Above: The site where the museum was proposed.
Newark, New Jersey: Within the past 10 years, the City of Newark has seen an increase in developments rising from former parking lots, and historic buildings being rehabilitated for new use. However, the opposite scenario has unfolded over the past five years at one property in the city's East Ward, where a museum was once proposed.
At a press conference in April of 2010, Newark officials spoke of the planned Children's Museum of New Jersey at 399 Market Street, near Newark Penn Station. The museum was slated to be housed in the former TAP Air Portugal building, which would undergo renovations for the project.
"This has been a project we've been working on now for years", Cory Booker, who was Newark's mayor at the time, told reporters, adding that "the city is committed to working with, and continuing to work with, the leadership of the Children's Museum to make it a reality here for the City of Newark".
Yet, nearly four years later, the building was torn down, and today, the land where the five story office tower once stood is now used as a parking lot.
So why did the museum never open? Lack of funding and a poor economy, according to planners, was to blame.
Edison Properties announced in 2009 that it was giving the building to the museum free of rent and taxes for five years. However, museum planners were still unable to gain the public and private funds necessary to operate it, and development never began. Edison Properties demolished the building in 2013, and the company still owns the ParkFast lot that sits at the site today.

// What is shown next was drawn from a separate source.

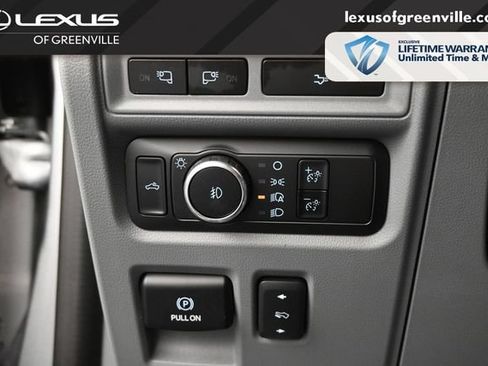 Used 2022 Ford F150 XLT w/ Equipment Group 302A High AWD/4WD image 15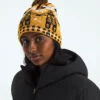 Cabin Ski Tuke Cabin Ski Tuke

"A children’s museum was and still is an incredible opportunity for Newark in terms of early childhood education, school readiness and economic development", Siobhan McDermott, who was the management consultant for the museum, told Essex County Place.
McDermott said that the museum was originally proposed for Union County. However, the proposed location shifted to 399 Market Street in Newark due to its location near the "greatest concentration of mass transit that would have afforded the most access for families of all financial needs...as opposed to a suburban setting". She cited the economy of 2008-2010 as a reason why "the project went to sleep".
The museum would have been designed for children with special needs in mind, and would have had several exhibits themed around specific regions of New Jersey like the Jersey Shore.
The only children's museum currently operating in Essex County is the Jersey Explorer Children's Museum in East Orange. The New Jersey Children's Museum in Paramus, Bergen County closed last year.
McDermott says that she still hopes that a children's museum will open in Newark, calling such museums "tremendous economic engines for communities".
"Now may be a very good time for the museum to reignite", said McDermott, who felt that "the city is booming in many ways and it would be wonderful to have such an enormous attraction...in the heart of Downtown Newark".